The First Closing Properties were acquired pursuant to a purchase agreement entered into by and between a wholly-owned subsidiary of the Company and Tedeschi Realty Corporation and entities affiliated with Tedeschi Realty Corporation, as seller. The total cost of this acquisition may increase in an amount equal to certain additional costs which have not yet been finally determined. Any additional costs are not expected to be material.
Property | | Years Built (1) | | Total Approximate Acquisition Cost (2), (3) | | Net Rentable Area (Square Feet) | | Occupancy | | Major Tenant (4) | |
New England Retail Portfolio | | 1952-2004 | | $ | 331,600,000 | | 1,700,000 | | 99 | % | Stop & Shop Grocery | |
| | | | | | | | | | | | |
(1) Certain properties included in the First Closing Properties underwent significant renovations during the period of 1992-2007.
(2) The Total Approximate Acquisition Cost was funded as follows: (i) proceeds from the Company’s public equity offering, (ii) cash on hand, and (iii) debt financing obtained by the Company.

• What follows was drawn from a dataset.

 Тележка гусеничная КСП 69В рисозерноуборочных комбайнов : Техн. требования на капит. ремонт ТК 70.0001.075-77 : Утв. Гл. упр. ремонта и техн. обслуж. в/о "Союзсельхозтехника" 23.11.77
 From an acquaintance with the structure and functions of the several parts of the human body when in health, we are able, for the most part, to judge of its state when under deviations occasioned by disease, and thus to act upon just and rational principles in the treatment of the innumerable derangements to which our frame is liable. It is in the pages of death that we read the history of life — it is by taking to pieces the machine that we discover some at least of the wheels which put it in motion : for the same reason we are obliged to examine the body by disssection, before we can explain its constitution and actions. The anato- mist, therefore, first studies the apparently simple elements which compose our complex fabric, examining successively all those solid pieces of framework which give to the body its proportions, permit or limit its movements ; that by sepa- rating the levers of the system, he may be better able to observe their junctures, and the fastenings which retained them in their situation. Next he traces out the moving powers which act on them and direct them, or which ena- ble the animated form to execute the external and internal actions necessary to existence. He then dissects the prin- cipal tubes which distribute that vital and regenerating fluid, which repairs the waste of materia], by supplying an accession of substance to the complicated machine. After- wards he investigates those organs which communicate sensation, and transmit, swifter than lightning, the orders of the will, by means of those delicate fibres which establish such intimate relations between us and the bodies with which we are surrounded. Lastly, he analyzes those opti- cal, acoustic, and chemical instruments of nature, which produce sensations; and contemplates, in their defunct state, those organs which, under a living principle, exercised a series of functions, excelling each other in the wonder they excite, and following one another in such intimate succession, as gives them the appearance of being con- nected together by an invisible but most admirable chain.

(3) Total Approximate Acquisition Cost includes a purchase price of $329.5 million, plus an additional $2.1 million in transfer taxes, due diligence and closing costs, and does not include an estimated acquisition fee paid by the Company (pursuant to the terms of an advisory agreement described in the Company’s prospectus) to the Advisor in the amount of $3.3 million.
(4) Major tenant occupies 10% or more of the First Closing Properties’ net rentable square feet.

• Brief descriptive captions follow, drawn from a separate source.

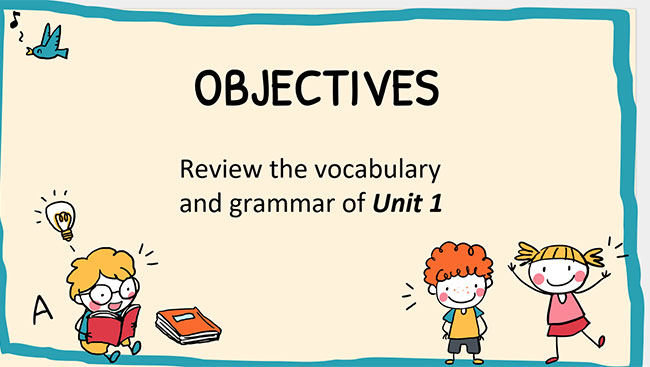 PowerPoint Tiếng Anh 6 Unit 1: Looking Back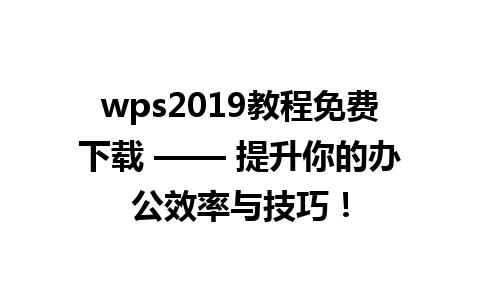 wps2019教程免费下载 —— 提升你的办公效率与技巧！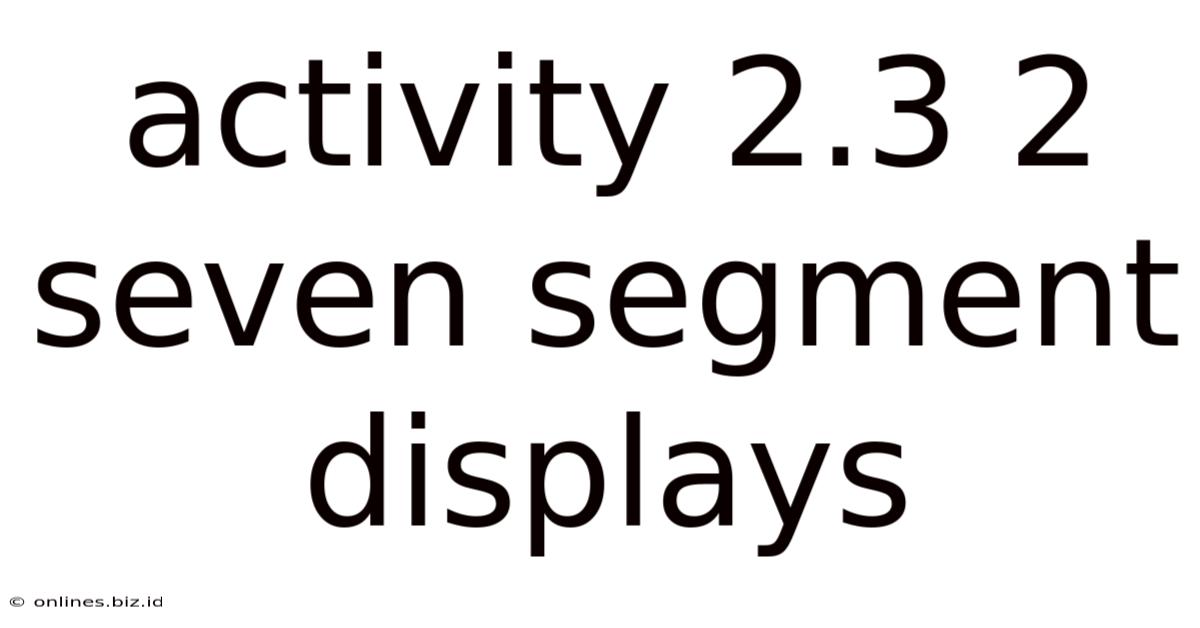 Activity 2.3 2 Seven Segment Displays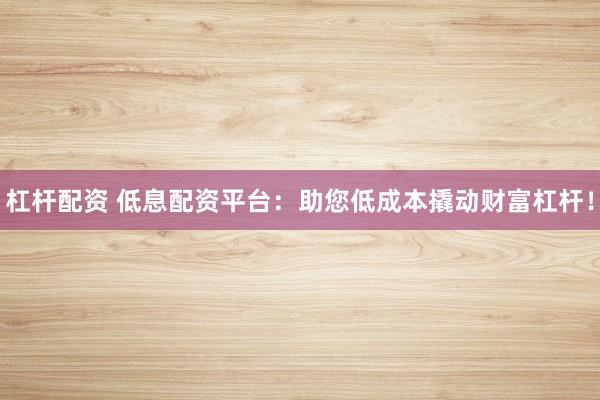 杠杆配资 低息配资平台：助您低成本撬动财富杠杆！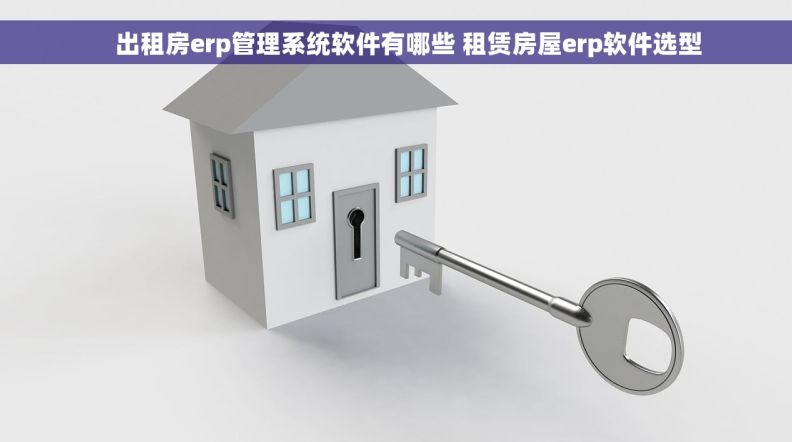     出租房erp管理系统软件有哪些 租赁房屋erp软件选型
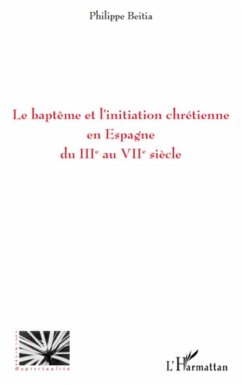 Le baptEme et l'initiation chretienne en espagne du iiie au (eBook, ePUB) - Philippe Beitia, Philippe Beitia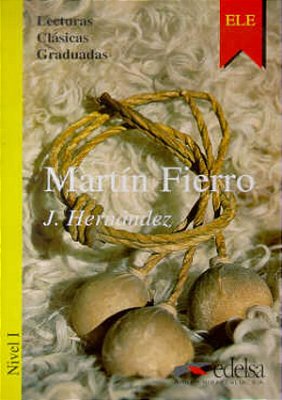 Martín Fierro - Colección Lecturas Clásicas Graduadas - Nivel 1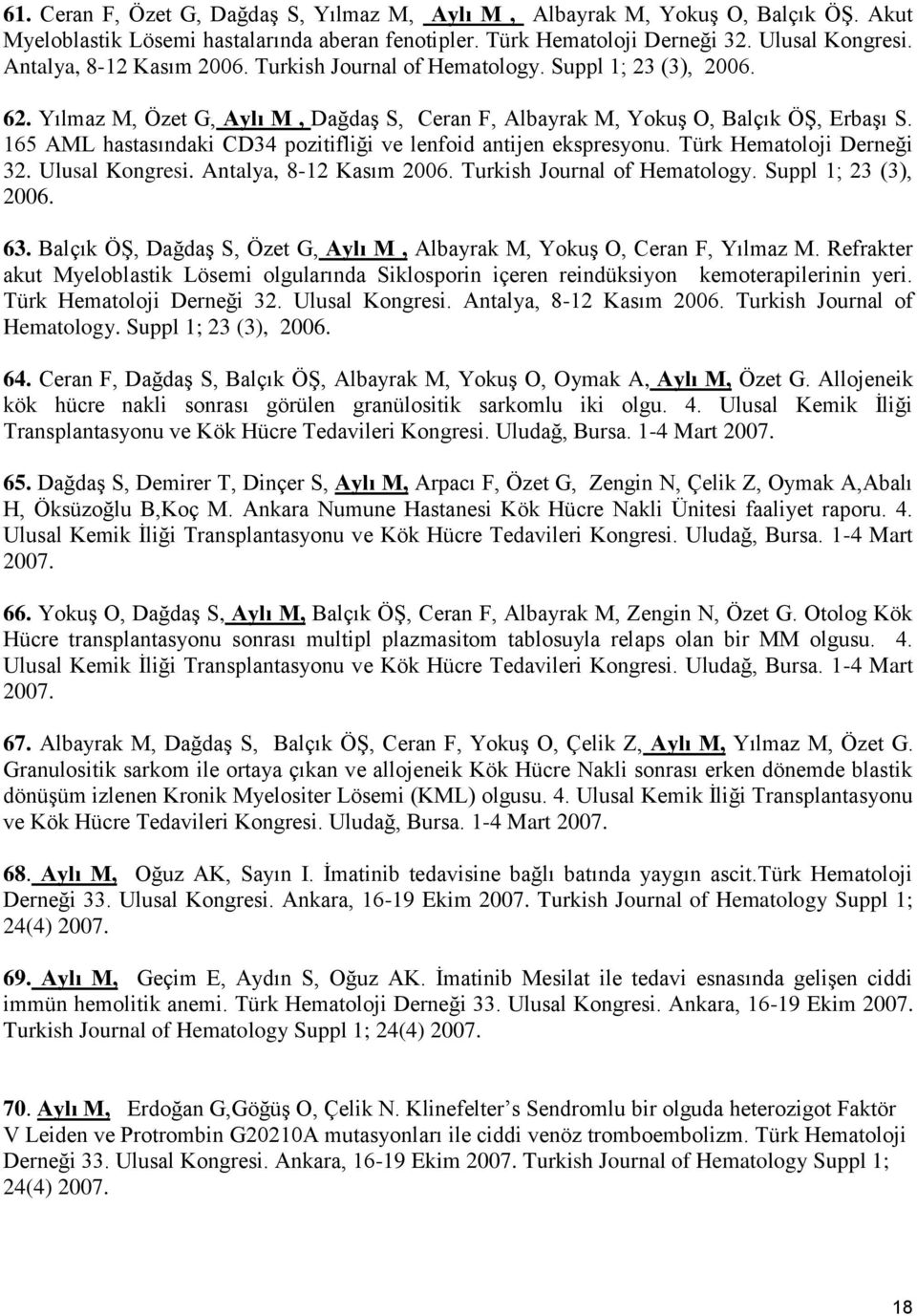 165 AML hastasındaki CD34 pozitifliği ve lenfoid antijen ekspresyonu. Türk Hematoloji Derneği 32. Ulusal Kongresi. Antalya, 8-12 Kasım 2006. Turkish Journal of Hematology. Suppl 1; 23 (3), 2006. 63.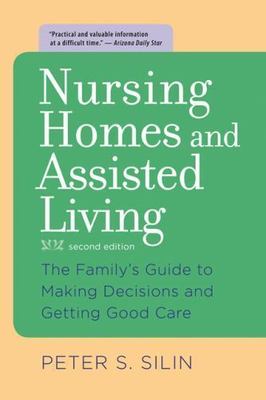 Nursing Homes and Assisted Living: The Family's Guide to Making Decisions and...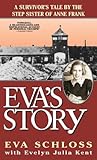 Eva's Story: A Survivor's Tale by the Step-Sister of Anne Frank Book cover for Eva's Story: A Survivor's Tale by the Step-Sister of Anne Frank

Item 2.03 Creation of a Direct Financial Obligation or an Obligation Under an Off-Balance Sheet Arrangement of a Registrant.
The information set forth above in Item 2.01 is hereby incorporated by reference in this Item 2.03.
Item 9.01 Financial Statements and Exhibits
To be filed by amendment. Pursuant to Item 9.01 of Form 8-K, the registrant hereby undertakes to file financial statements filed in response to Items 2.01 and 2.03 on an amendment to the Current Report on Form 8-K within 75 days from the date of the acquisition.